I needed more records. I focused on two bulky files released through FOIA in the late seventies: the FBI’s investigation of the volatile 1968 Memphis Sanitation Workers Strike and its long-running probe of the Invaders, a homegrown Black Power group – about 7,000 sheets of paper.
Soon, I got hits. Just as the FBI failed to redact Wither’s code number in the report released to me, it had failed repeatedly in the documents released thirty years earlier. As ME 338-R, Withers reported a “power struggle’’ within the sanitation strike’s leadership, valuable intel for agents determined to contain the marching and agitation. He informed extensively on movement icon Rev. James Lawson, telling of the militant pastor’s plans to coach young men to dodge the draft, of a trip he’d planned to communist Czechoslovakia—even a sermon he preached that seemed to question the virgin birth of Christ. He relayed details on the strike’s financial support – leaders raised $347,705, funneling some funds to Black Power militants.
This resulted in a breakthrough, seven-page narrative in my newspaper, The Commercial Appeal, in September 2010. We fleshed out additional details that fall after Lawrence’s daughter shared the late agent’s handwritten notes.
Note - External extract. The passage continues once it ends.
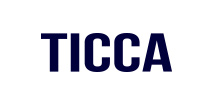 TICCAのショップロゴ
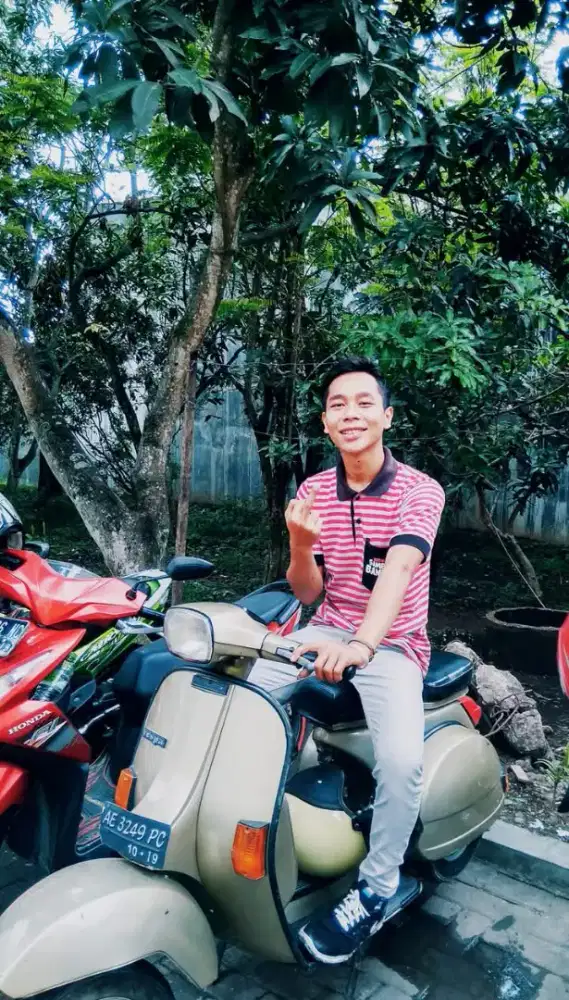 Cari pekerja an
Still, the FBI refused to cooperate. We wanted Withers’s informant file. We eventually sued. The bureau fought us, denying any connection to the photographer. It seemed at first the Bureau might prevail.
Relying on a Reagan-era law exempting informant records from FOIA, the government pretended it had nothing on Withers. But the strategy backfired. The law says an informant’s records aren’t subject to FOIA unless the government first “officially confirms’’ him as an informant. We argued the FBI had done just that when it identified Withers as ME 338-R in its FOIA release. A judge agreed. The FBI was forced to acknowledge in court that Withers had worked for the agency for nearly two decades as a paid informant.
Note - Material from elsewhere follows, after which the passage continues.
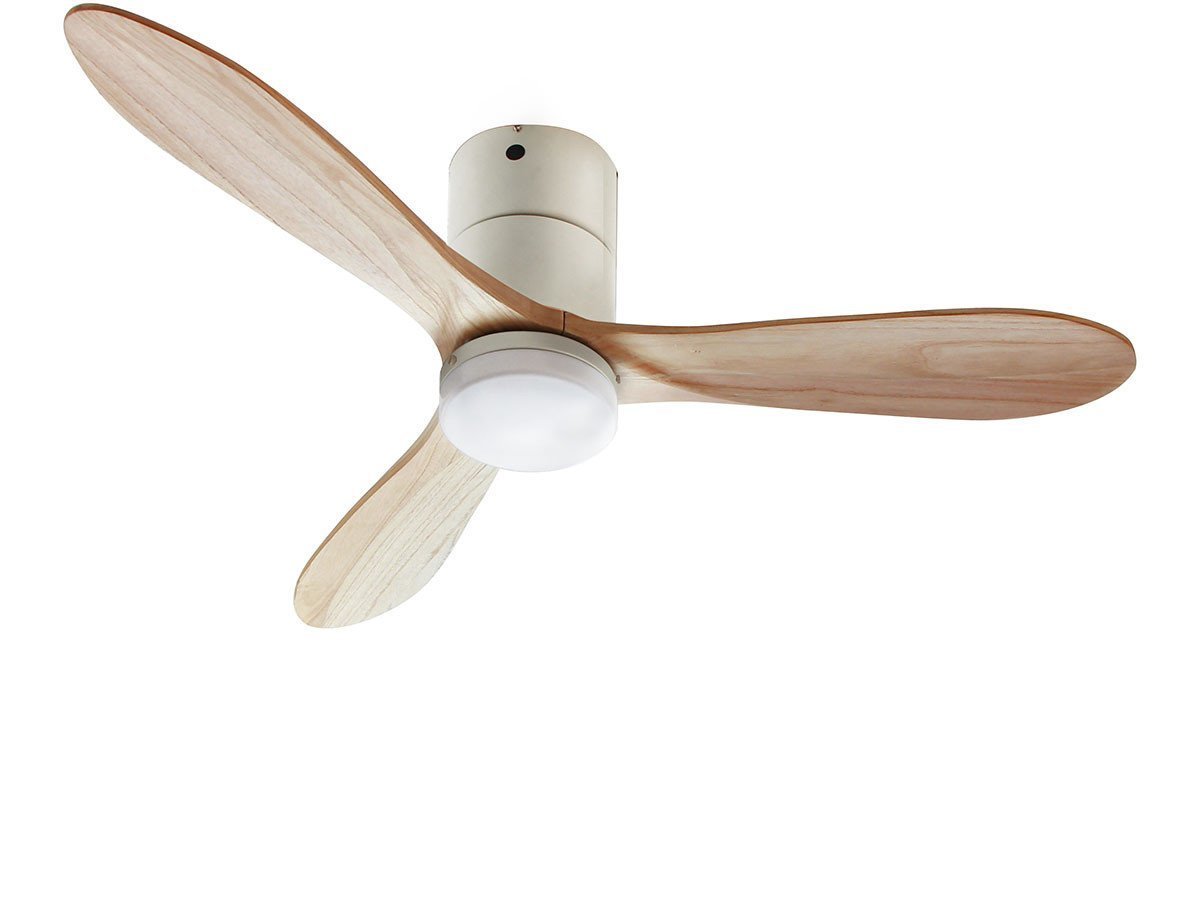 【フライミーパーラー/FLYMEe Parlor / GOODS】のCeiling Fan / シーリングファン #101365 インテリア・キッズ・メンズ・レディースファッション・服の通販 founy(ファニー) 　フラット　Flat, Flat Shoes　ブレード　Braid, Decorative Trim　冬　Winter / This Winter　送料無料　Free Shipping　夏　Summer　ホーム・キャンプ・アウトドア・お取り寄せ　Home Living / Home & Lifestyle / Camping Gear / Outdoor Camping　家具・インテリア　Home Furniture & Interior. Stylish & Functional Living Spaces　ライト・照明　Lamps & Lighting Fixtures　ホワイト|ID: prp329100000008795 ipo3291000000030253204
The ruling led to a mediated settlement. The government agreed to pay $186,000 of our legal fees and release a mother lode of records spelling out the details of Withers’s long FBI collaboration – records that form the foundation of my book.
“I’m not mad at Ernie,” Doctor said after learning of his friend’s informing. Instead, he focused his anger on his old nemesis, the FBI.
“Now, don’t misunderstand me. I was doing a lot of things in Memphis. But none of what I was doing was illegal. And I’ll go to my grave saying that. Now, a lot of what the FBI did was illegal.”